§ Task directions:
After reading the entries below, copy word for word the lines from the first through the line containing "PERUKVAS, porslin. Sen Qing dynasti.", and stop there.
━━━━━━━━━━━━━━━━
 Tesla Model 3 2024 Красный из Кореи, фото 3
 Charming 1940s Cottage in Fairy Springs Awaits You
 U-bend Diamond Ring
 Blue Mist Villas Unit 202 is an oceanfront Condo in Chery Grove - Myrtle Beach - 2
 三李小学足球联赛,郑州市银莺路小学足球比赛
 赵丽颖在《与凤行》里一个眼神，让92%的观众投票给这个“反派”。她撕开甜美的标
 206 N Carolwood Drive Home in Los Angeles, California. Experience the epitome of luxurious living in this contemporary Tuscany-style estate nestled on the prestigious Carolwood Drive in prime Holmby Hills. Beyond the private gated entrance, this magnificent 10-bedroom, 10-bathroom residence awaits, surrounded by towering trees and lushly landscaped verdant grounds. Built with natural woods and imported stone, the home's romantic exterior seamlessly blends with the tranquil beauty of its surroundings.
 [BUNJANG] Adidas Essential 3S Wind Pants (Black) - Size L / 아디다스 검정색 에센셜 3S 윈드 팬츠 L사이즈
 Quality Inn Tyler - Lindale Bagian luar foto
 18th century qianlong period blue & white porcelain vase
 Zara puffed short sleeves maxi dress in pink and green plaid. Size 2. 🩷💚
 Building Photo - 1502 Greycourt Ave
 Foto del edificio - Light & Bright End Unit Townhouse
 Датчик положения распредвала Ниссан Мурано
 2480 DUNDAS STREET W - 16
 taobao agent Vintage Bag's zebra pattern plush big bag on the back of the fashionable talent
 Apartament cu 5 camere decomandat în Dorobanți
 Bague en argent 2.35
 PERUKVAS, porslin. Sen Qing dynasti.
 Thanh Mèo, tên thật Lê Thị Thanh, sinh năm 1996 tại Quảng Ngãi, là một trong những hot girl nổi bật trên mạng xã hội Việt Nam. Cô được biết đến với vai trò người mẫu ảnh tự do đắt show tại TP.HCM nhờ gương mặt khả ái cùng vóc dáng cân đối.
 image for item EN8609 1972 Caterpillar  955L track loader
━━━━━━━━━━━━━━━━
§ Result:
 Tesla Model 3 2024 Красный из Кореи, фото 3
 Charming 1940s Cottage in Fairy Springs Awaits You
 U-bend Diamond Ring
 Blue Mist Villas Unit 202 is an oceanfront Condo in Chery Grove - Myrtle Beach - 2
 三李小学足球联赛,郑州市银莺路小学足球比赛
 赵丽颖在《与凤行》里一个眼神，让92%的观众投票给这个“反派”。她撕开甜美的标
 206 N Carolwood Drive Home in Los Angeles, California. Experience the epitome of luxurious living in this contemporary Tuscany-style estate nestled on the prestigious Carolwood Drive in prime Holmby Hills. Beyond the private gated entrance, this magnificent 10-bedroom, 10-bathroom residence awaits, surrounded by towering trees and lushly landscaped verdant grounds. Built with natural woods and imported stone, the home's romantic exterior seamlessly blends with the tranquil beauty of its surroundings.
 [BUNJANG] Adidas Essential 3S Wind Pants (Black) - Size L / 아디다스 검정색 에센셜 3S 윈드 팬츠 L사이즈
 Quality Inn Tyler - Lindale Bagian luar foto
 18th century qianlong period blue & white porcelain vase
 Zara puffed short sleeves maxi dress in pink and green plaid. Size 2. 🩷💚
 Building Photo - 1502 Greycourt Ave
 Foto del edificio - Light & Bright End Unit Townhouse
 Датчик положения распредвала Ниссан Мурано
 2480 DUNDAS STREET W - 16
 taobao agent Vintage Bag's zebra pattern plush big bag on the back of the fashionable talent
 Apartament cu 5 camere decomandat în Dorobanți
 Bague en argent 2.35
 PERUKVAS, porslin. Sen Qing dynasti.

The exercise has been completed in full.